Set down word for word the lines that begin the entries and run through the line containing "Treffe ihn nicht". Give nothing further.

EXERCISE INPUT Block Start

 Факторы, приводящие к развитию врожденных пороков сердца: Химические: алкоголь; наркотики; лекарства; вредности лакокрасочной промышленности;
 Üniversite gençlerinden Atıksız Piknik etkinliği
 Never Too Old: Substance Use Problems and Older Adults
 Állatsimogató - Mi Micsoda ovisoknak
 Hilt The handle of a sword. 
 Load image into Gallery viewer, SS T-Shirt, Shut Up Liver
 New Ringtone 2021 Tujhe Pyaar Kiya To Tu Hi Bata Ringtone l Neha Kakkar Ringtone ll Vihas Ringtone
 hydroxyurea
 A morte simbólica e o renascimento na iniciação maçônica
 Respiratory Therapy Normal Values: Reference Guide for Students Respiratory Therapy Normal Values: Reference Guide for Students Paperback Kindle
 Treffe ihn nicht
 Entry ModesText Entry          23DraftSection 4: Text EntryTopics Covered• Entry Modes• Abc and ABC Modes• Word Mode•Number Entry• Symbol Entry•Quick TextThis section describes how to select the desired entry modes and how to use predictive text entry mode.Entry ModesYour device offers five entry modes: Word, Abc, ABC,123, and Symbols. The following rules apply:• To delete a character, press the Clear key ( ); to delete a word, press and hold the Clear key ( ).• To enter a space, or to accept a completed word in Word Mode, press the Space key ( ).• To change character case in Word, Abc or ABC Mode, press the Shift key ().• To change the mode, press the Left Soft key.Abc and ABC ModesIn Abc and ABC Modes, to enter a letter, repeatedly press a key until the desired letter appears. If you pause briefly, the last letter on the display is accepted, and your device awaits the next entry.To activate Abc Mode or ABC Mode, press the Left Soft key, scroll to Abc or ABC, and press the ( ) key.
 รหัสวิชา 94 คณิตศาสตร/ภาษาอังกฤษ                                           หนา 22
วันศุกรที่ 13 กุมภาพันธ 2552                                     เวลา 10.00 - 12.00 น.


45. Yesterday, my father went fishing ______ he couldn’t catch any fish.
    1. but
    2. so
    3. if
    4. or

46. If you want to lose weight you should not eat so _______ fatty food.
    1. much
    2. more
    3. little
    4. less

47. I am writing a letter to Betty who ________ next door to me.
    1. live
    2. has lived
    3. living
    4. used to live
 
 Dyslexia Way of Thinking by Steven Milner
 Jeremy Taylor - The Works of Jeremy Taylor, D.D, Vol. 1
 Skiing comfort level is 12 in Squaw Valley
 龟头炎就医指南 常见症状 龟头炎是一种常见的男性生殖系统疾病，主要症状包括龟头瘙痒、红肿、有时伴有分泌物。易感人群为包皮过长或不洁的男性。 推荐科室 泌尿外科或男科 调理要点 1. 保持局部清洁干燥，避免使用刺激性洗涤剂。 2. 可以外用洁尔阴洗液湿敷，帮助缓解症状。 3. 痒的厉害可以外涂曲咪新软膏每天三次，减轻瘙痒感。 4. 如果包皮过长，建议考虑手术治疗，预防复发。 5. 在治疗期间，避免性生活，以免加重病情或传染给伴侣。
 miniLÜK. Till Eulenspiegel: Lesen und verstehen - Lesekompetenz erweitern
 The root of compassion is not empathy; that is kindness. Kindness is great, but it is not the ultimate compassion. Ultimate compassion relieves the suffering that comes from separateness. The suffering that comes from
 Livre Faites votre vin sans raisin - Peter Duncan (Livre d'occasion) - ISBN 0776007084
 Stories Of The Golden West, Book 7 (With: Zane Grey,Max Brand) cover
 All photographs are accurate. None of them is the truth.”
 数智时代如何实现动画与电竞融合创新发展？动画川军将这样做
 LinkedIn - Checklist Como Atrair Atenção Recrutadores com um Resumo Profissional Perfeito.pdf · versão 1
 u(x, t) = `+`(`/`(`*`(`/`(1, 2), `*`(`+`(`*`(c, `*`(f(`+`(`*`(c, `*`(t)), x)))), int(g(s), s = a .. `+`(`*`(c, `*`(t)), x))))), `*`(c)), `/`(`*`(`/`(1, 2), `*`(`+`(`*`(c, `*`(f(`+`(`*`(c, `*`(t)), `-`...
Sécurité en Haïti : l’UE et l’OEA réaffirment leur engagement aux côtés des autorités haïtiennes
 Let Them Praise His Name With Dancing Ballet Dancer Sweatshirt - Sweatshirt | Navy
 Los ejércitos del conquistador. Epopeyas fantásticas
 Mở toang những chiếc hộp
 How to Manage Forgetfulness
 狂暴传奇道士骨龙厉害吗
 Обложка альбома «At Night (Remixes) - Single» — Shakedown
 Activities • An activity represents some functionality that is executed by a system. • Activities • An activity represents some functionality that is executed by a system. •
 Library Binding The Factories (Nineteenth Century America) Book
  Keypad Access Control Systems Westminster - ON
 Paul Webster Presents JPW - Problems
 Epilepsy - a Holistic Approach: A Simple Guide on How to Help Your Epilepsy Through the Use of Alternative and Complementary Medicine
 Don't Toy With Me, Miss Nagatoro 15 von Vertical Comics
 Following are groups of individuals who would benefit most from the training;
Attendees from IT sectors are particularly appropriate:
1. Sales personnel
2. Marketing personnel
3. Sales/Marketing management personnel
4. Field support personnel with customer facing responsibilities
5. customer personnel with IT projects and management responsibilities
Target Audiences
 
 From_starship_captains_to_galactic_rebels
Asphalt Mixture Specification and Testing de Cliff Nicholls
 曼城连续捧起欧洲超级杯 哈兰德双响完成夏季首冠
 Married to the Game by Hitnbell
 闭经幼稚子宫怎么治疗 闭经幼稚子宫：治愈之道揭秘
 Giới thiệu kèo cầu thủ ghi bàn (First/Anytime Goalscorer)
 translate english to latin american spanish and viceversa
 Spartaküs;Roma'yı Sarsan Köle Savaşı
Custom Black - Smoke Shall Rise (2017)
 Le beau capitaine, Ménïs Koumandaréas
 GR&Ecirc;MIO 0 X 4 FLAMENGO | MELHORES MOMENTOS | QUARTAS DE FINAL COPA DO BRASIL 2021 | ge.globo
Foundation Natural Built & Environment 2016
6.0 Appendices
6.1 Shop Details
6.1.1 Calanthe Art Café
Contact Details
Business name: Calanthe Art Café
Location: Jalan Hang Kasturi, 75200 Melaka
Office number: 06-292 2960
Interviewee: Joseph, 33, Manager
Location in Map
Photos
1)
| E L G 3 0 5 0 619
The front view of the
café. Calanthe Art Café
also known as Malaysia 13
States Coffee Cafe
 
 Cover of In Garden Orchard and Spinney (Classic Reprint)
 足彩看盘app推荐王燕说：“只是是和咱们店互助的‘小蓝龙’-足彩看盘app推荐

EXERCISE INPUT Block End

PROBLEM SOLUTION:
 Факторы, приводящие к развитию врожденных пороков сердца: Химические: алкоголь; наркотики; лекарства; вредности лакокрасочной промышленности;
 Üniversite gençlerinden Atıksız Piknik etkinliği
 Never Too Old: Substance Use Problems and Older Adults
 Állatsimogató - Mi Micsoda ovisoknak
 Hilt The handle of a sword. 
 Load image into Gallery viewer, SS T-Shirt, Shut Up Liver
 New Ringtone 2021 Tujhe Pyaar Kiya To Tu Hi Bata Ringtone l Neha Kakkar Ringtone ll Vihas Ringtone
 hydroxyurea
 A morte simbólica e o renascimento na iniciação maçônica
 Respiratory Therapy Normal Values: Reference Guide for Students Respiratory Therapy Normal Values: Reference Guide for Students Paperback Kindle
 Treffe ihn nicht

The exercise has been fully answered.